Recently, Justice Alito exposed the danger of erroneously conflating “sex” and “gender” in U.S. v. Skrmetti, a pending landmark case considering the constitutionality of a Tennessee law that protects children from puberty blockers, cross-sex hormones, and other sex-trait modification procedures.
In posing the question of whether being transgender is an “immutable” trait, Justice Alito forced the American Civil Liberties Union attorney, who was arguing that Tennessee’s law was unconstitutional, to concede that “gender identity” isn’t immutable. This is important because an “immutable” characteristic is a legal term that refers to whether an aspect of a person’s identity is fundamental and unchangeable and therefore protected under the equal protection clause of the 14th Amendment. By its very definition, “gender,” unlike sex, cannot be immutable, which, logically, should close the door to the left’s attempt to treat “gender identity” as a protected class.
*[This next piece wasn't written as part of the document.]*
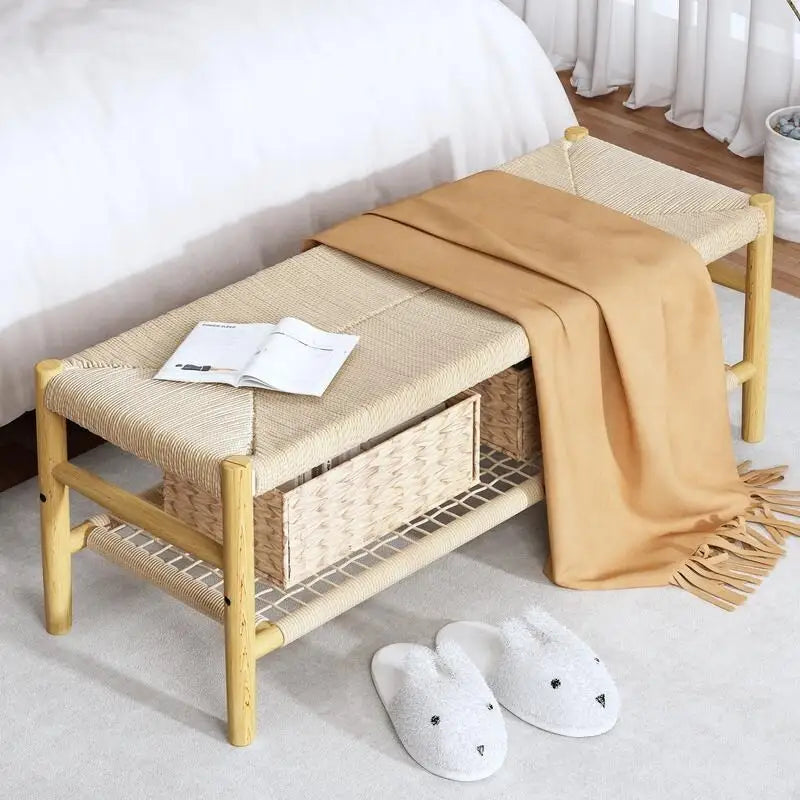 Banc en corde tressée à la main avec paniers de rangement en osier - Naturel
President Trump gets it. On day one, he signed an executive order aptly titled “Defending Women from Gender Ideology Extremism and Restoring Biological Truth to the Federal Government.” It declared the United States will recognize there are only two sexes, male and female, in federal law and policy, stating, “‘Sex’ is not a synonym for and does not include the concept of ‘gender identity.’”
It may seem silly to have to state the obvious in the form of an executive order, but it was crucial, as even those of us who oppose transgender ideology had unwittingly succumbed to the left’s erasure of sex in the language we used.
Now that President Trump has taken a profound step in the right direction and repudiated “gender identity” indoctrination, the focus must shift to 1) Congress to codify these definitions so they cannot be changed via executive order by a future administration and 2) the states, where laws and policies failing to differentiate between “sex” and “gender” have undermined the rights of women.
To that end, we can start to reverse course by acknowledging reality and using language — yes, even the word “sex” — that reflects it.
Neeraja Deshpande is a policy analyst and engagement coordinator at Independent Women’s Forum (iwf.org). Beth Parlato is a senior legal advisor for Independent Women’s Law Center (iwlc.org).